# [WORK TO BE COMPLETED]
Within the records below is a range that opens at the line with "Ігровий набір Hasbro" and closes at the line with "Standard Ignition HLS1773 Headlight Switch". Return that range word for word, both ends included, and only that range.

# [PROVIDED DATA]
_____

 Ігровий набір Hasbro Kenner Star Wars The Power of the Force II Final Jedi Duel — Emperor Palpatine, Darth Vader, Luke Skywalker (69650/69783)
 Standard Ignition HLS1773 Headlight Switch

_____

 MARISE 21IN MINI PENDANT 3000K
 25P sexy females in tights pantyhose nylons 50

_____

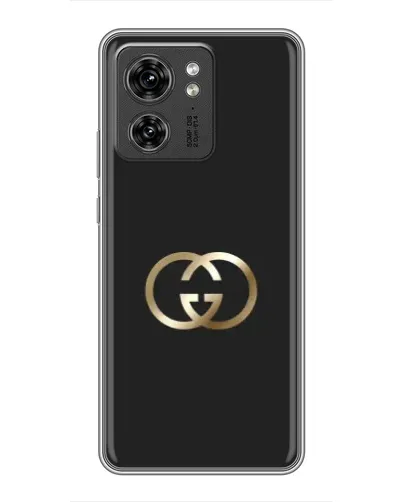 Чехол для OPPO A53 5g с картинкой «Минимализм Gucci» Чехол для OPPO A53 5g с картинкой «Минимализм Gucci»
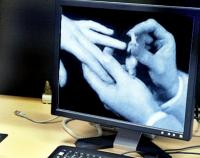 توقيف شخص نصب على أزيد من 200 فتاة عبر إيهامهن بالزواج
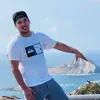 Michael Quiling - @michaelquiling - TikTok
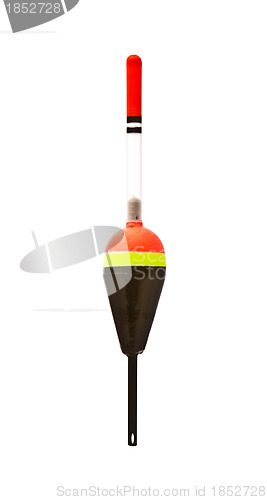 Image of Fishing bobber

_____

# [TASK RESPONSE]
 Ігровий набір Hasbro Kenner Star Wars The Power of the Force II Final Jedi Duel — Emperor Palpatine, Darth Vader, Luke Skywalker (69650/69783)
 Standard Ignition HLS1773 Headlight Switch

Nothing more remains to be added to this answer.